Buffett generally doesn't think much of Wall Street types who manage other people's money. He even has a $1 million 10-year bet underway in which he backs a low-cost S&P stock index fund versus several hedge funds. (After five years, he's now winning that wager.)
Buffett, however, does have a soft spot for Goldman.
In a statement, the Oracle of Omaha said that he intends to hold "a significant investment in Goldman Sachs, a firm that I did my first transaction with more than 50 years ago. I have been privileged to have known and admired Goldman's executive leadership team since my first meeting with Sidney Weinberg in 1940."
Weinberg, sometimes called "Mr. Wall Street," was Goldman's CEO from 1939 until he died in 1969.
In 2010, when Goldman was accused of fraud by the SEC, Buffett defended the company saying, "It's hard for me to get terribly sympathetic" with the alleged victim in the case.

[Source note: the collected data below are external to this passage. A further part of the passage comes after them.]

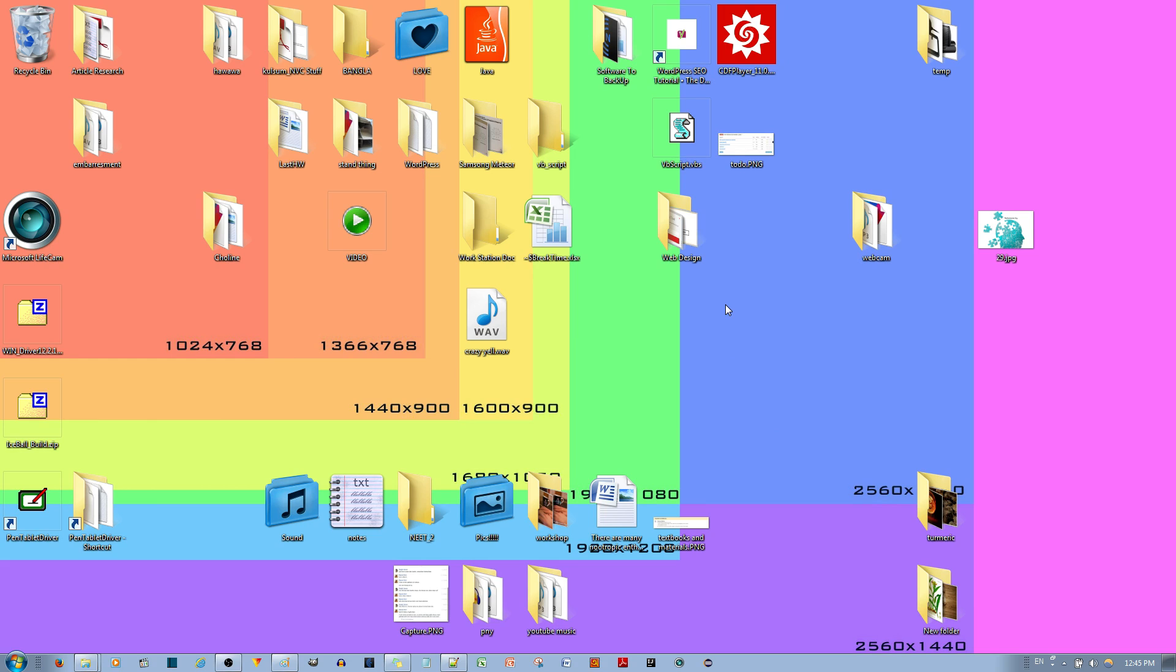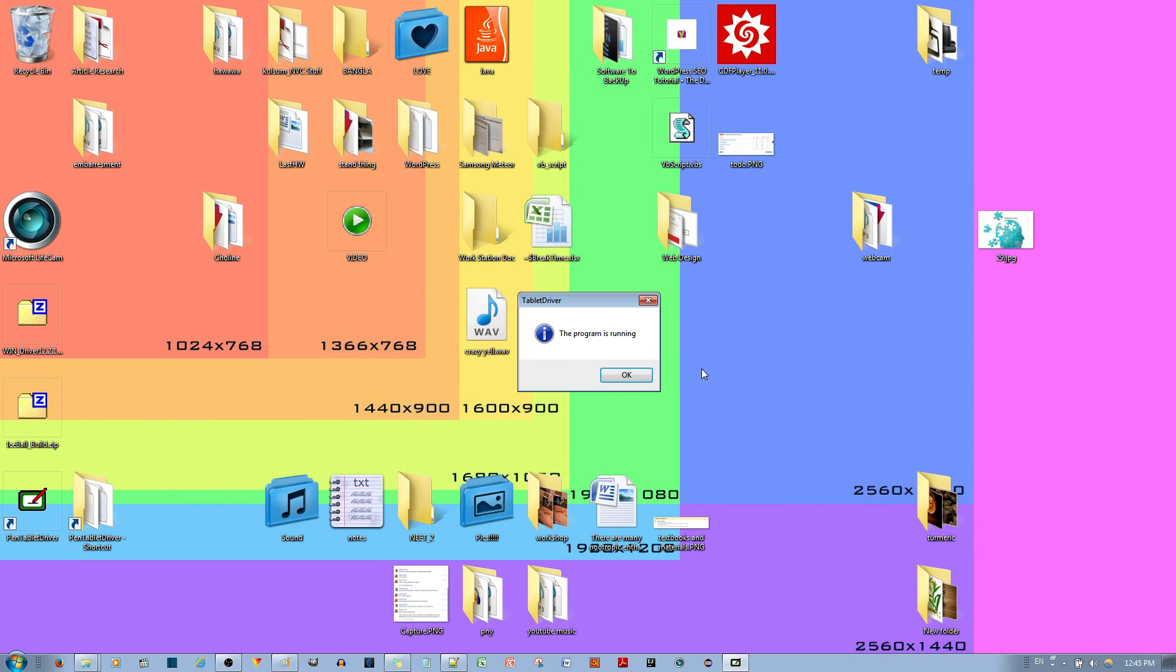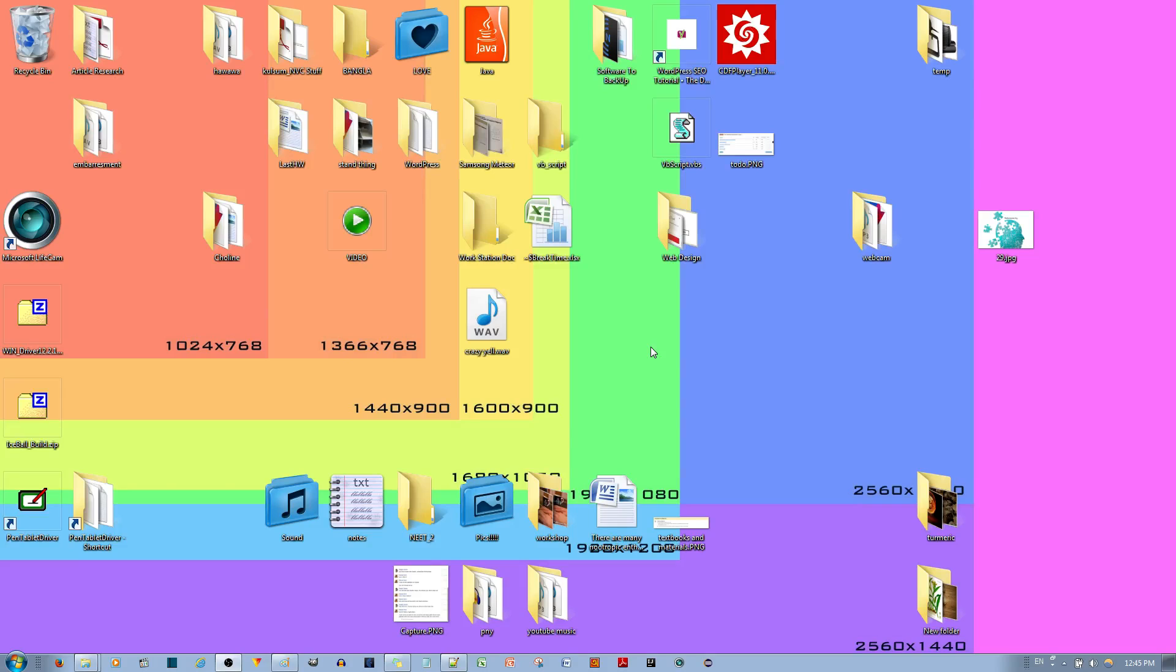And by the way, I've noticed that this can be a problem for people because if you see this icon over here, if you just left click it, it just says the program is running. So it's a little hidden, but that's how you get to the option menu.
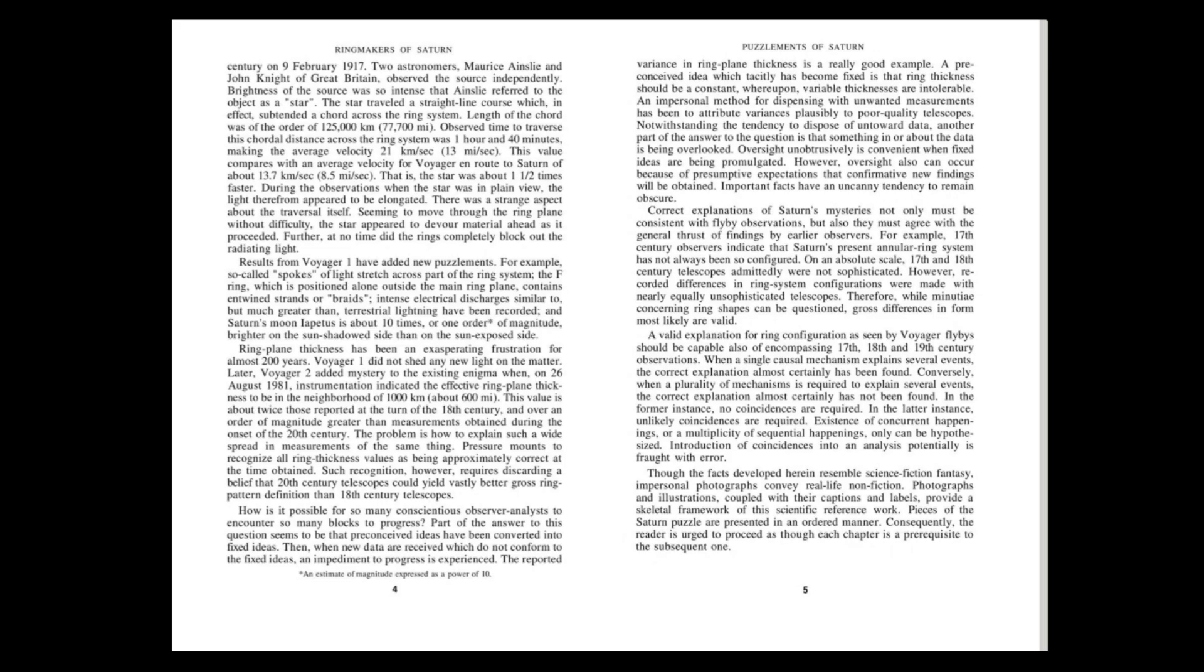Results from Voyager 1 have added new puzzlements. For example, so-called spokes of light stretch across part of the ring system. The F-ring, which is positioned alone outside the main ring plane, contains entwined strands or braids. Intense electrical discharges similar to, but much greater than, terrestrial lightning have been recorded. And Saturn's moon Iapetus is about 10 times, or one order of magnitude, brighter on the sun-shadowed side than on the sun-exposed side.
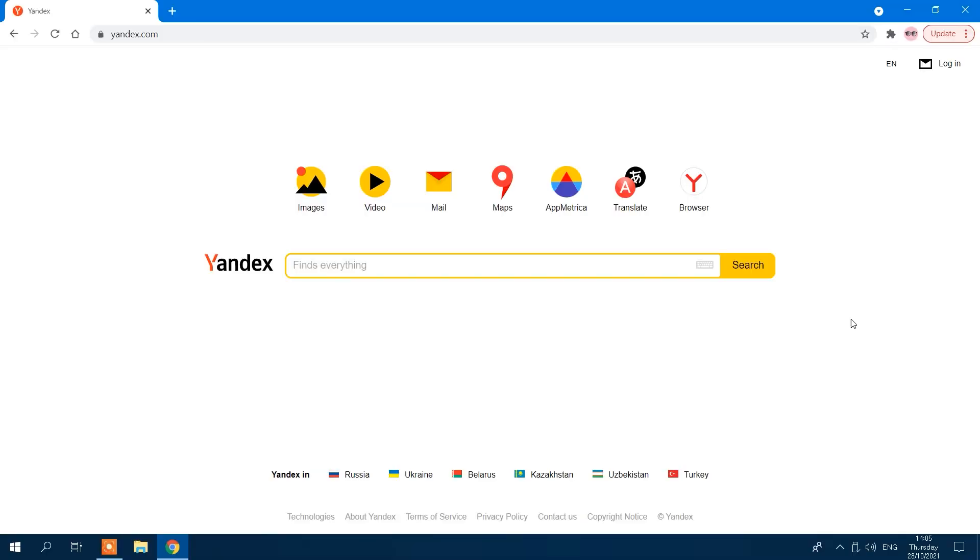Yandex is a Russian search engine that can also perform a reverse lookup. Here's how to do it.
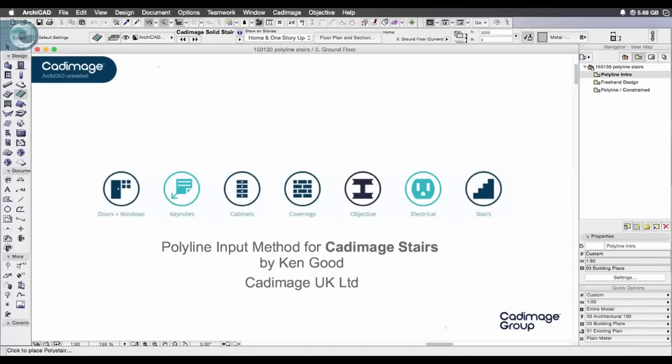Hi this is Ken from CadImage and in this little movie I'm going to run through and show you how to use the new polyline input method for our CadImage stairs tool.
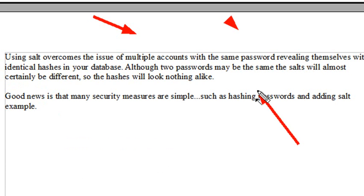Although two passwords may be the same, the salt will almost certainly be different, so the hashes will look nothing alike — that increases the work for the hacker. For example, if I put a set of grades on the web that I want hashed — A, B, C, D — without salt, all the A hashes will be identical. But once I add salt, the A's won't look the same, the B's won't look the same, and the C's won't look the same. Let's go to PHP Eclipse and look at adding some salt.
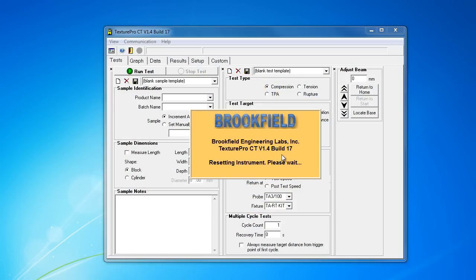The first thing you notice when you load up the program is the max the program runs at is an 800 by 600 window size. On modern monitors, it's almost comical.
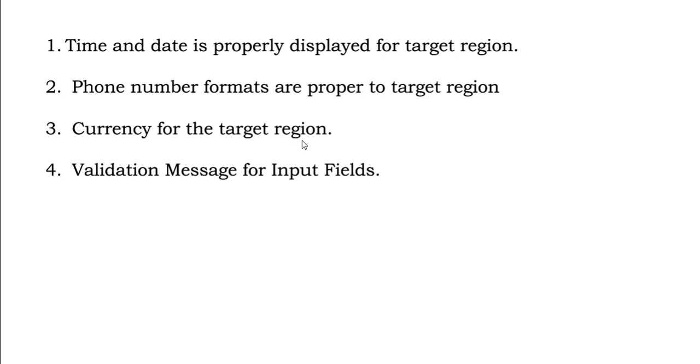So this is all about localization testing. If you have liked the video, please do like it, share it, and don't forget to subscribe to the channel. Thank you for watching.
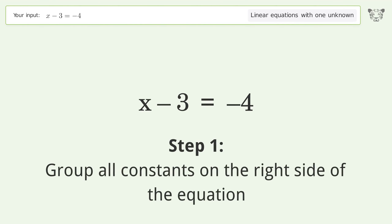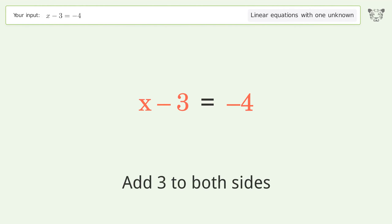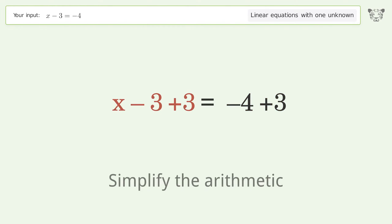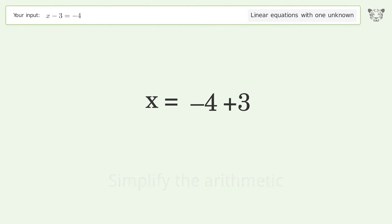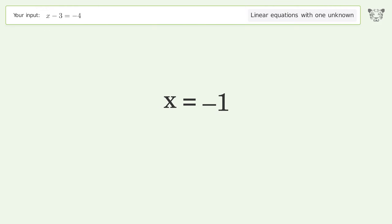Group all constants on the right side of the equation. Add 3 to both sides. Simplify the arithmetic. And so the final result is x equals negative 1.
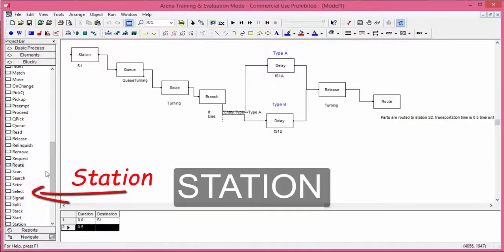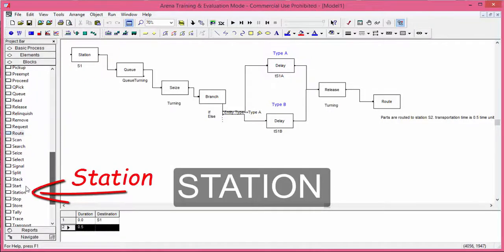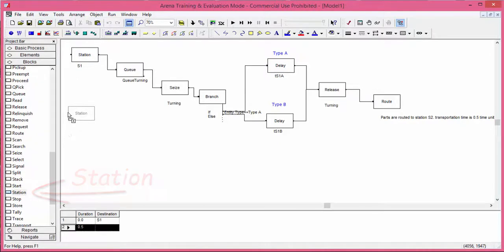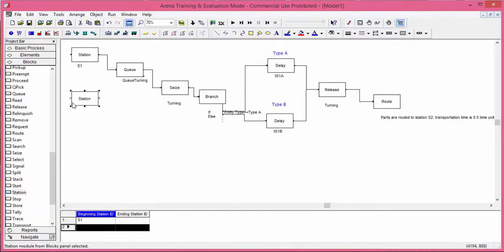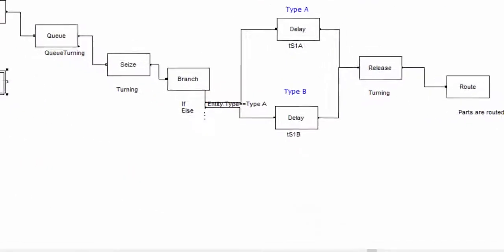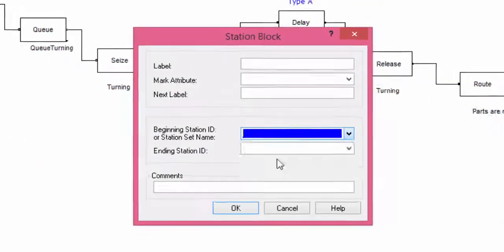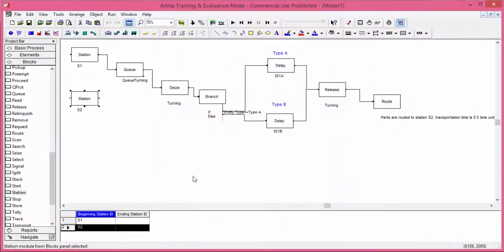Parts are routed to station S2 from the turning station. Drag and drop the instruction station from the block library. Open it and select S2 from the list. Confirm.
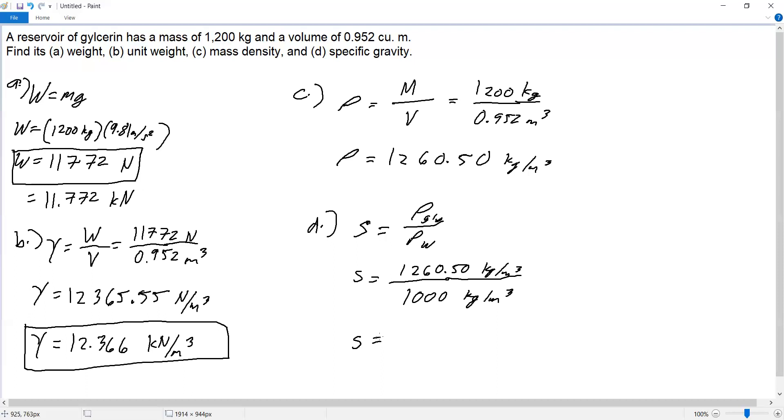This equals 1.26, which is the specific gravity of glycerin.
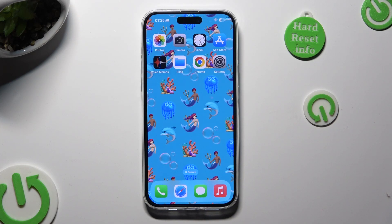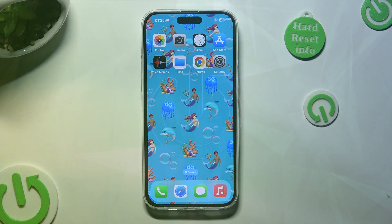Hi, in front of me is iPhone 15 Plus and today I would like to show you how you can change default apps.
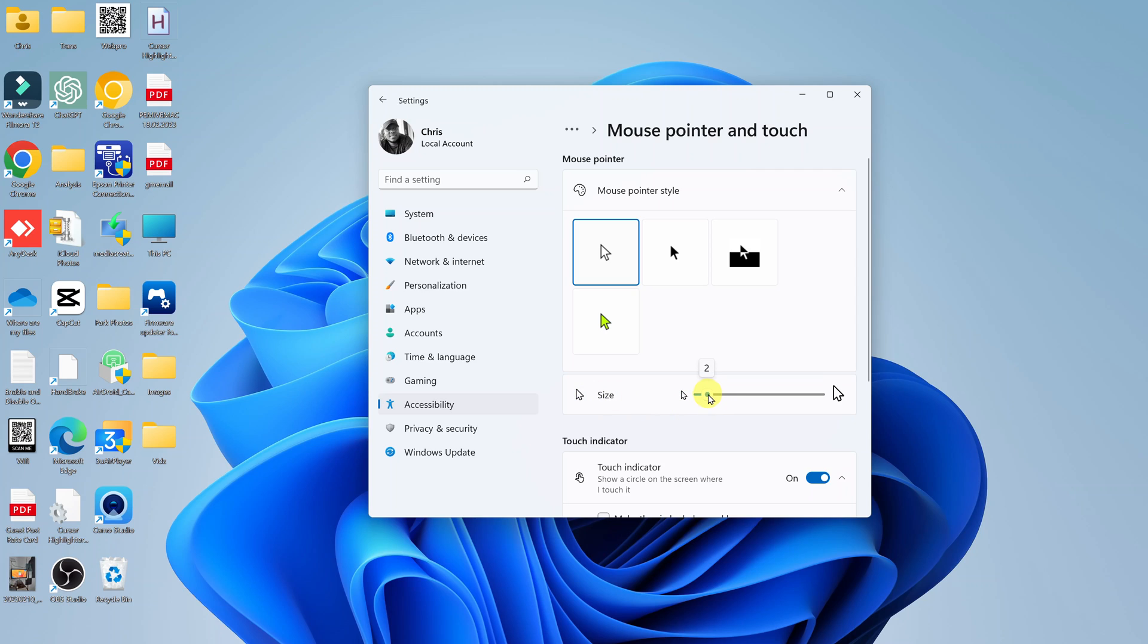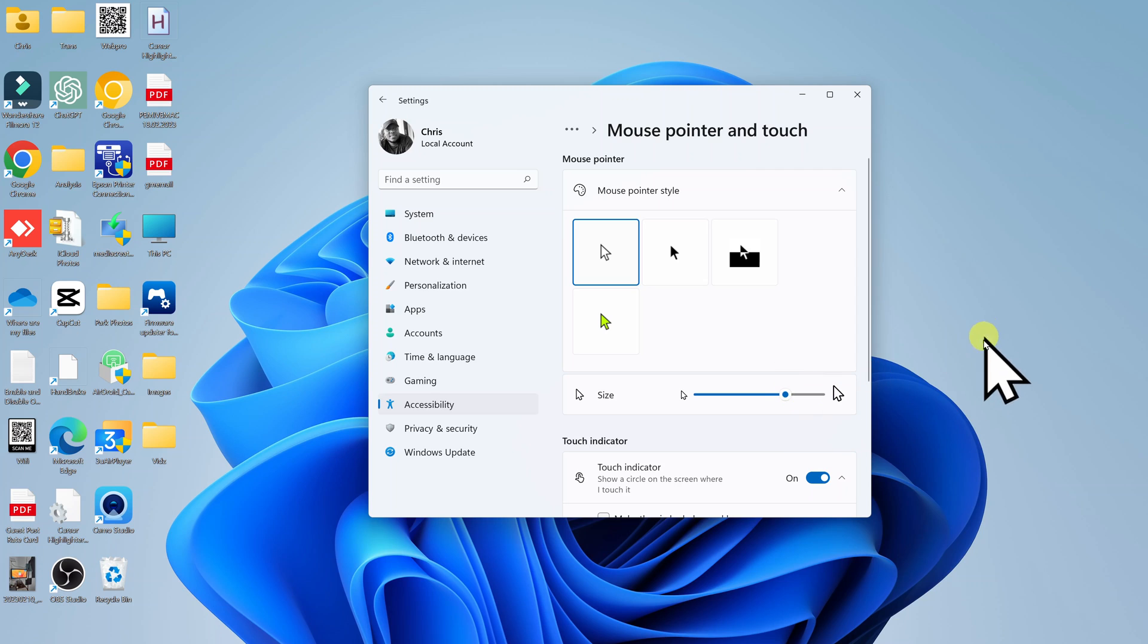Now this slider is what dictates the size of the mouse pointer. So towards the left, it makes the mouse pointer smaller, and towards the right, it makes the mouse pointer bigger, as you can see.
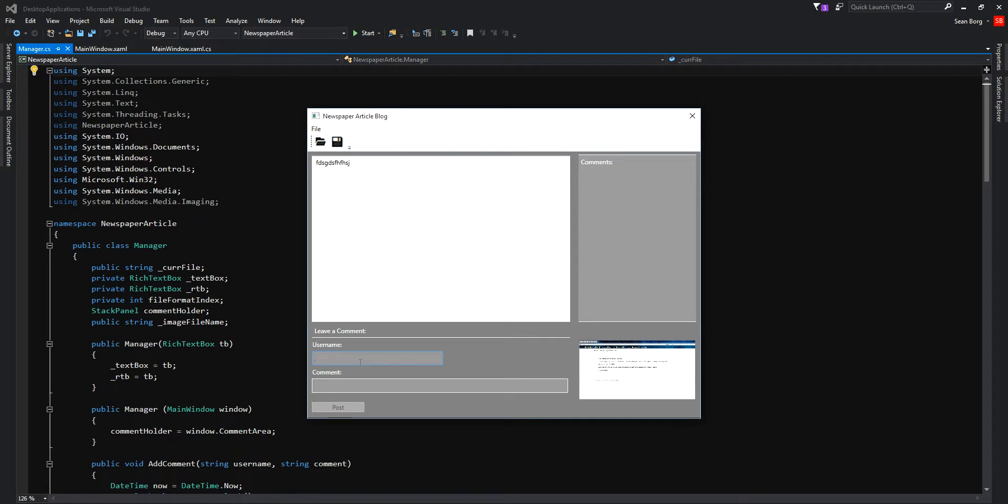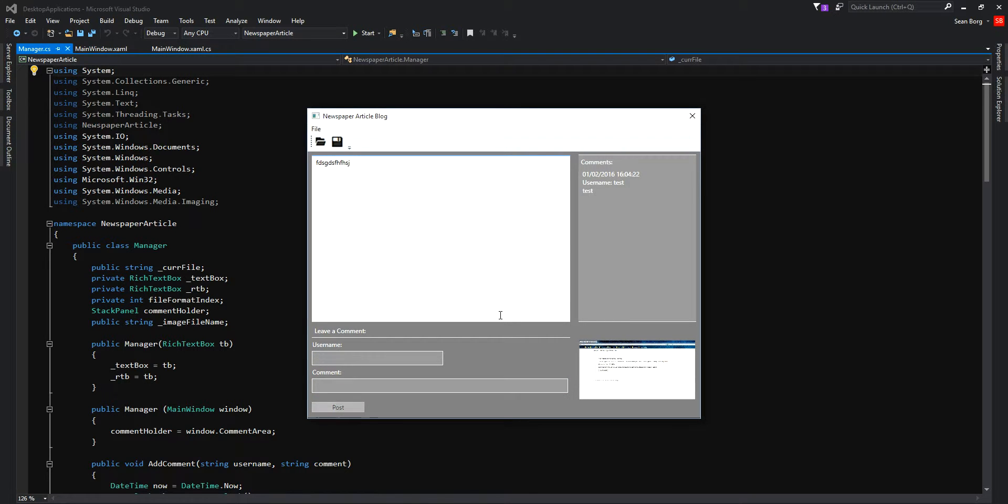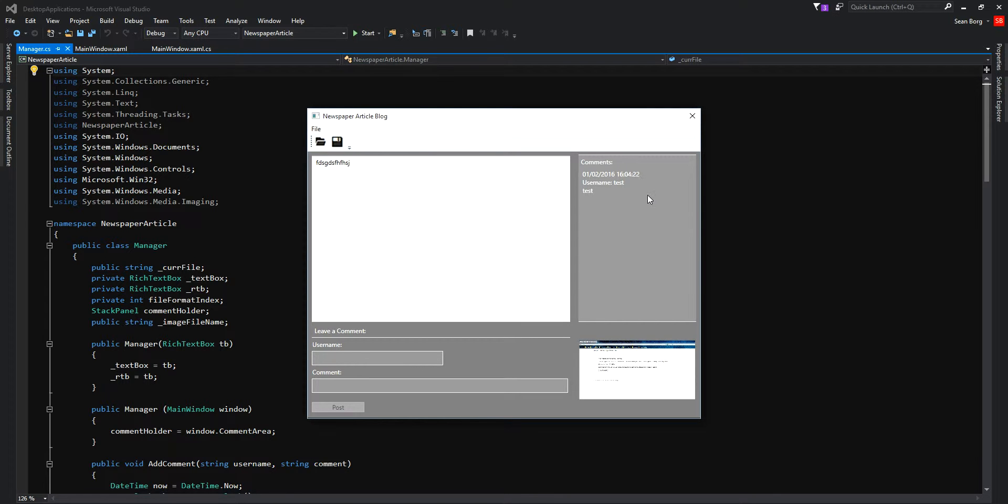Here you can enter a comment. You can post up to 5 comments, which will be displayed here. The latest comment will be displayed on top.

He did acknowledge, however, that Goldman had "lost the PR battle" at that point. (In July of 2010, Goldman agreed to pay a record $550 million to settle the SEC's charges, but didn't admit any legal wrongdoing.)
For years, Goldman also employed one of the few investment bankers to win Buffett's respect. In his 2003 letter to Berkshire shareholders, Buffett wrote of Byron Trott — then Goldman's vice chairman of investment banking — that "he understands Berkshire far better than any investment banker with whom we have talked and – it hurts me to say this – earns his fee."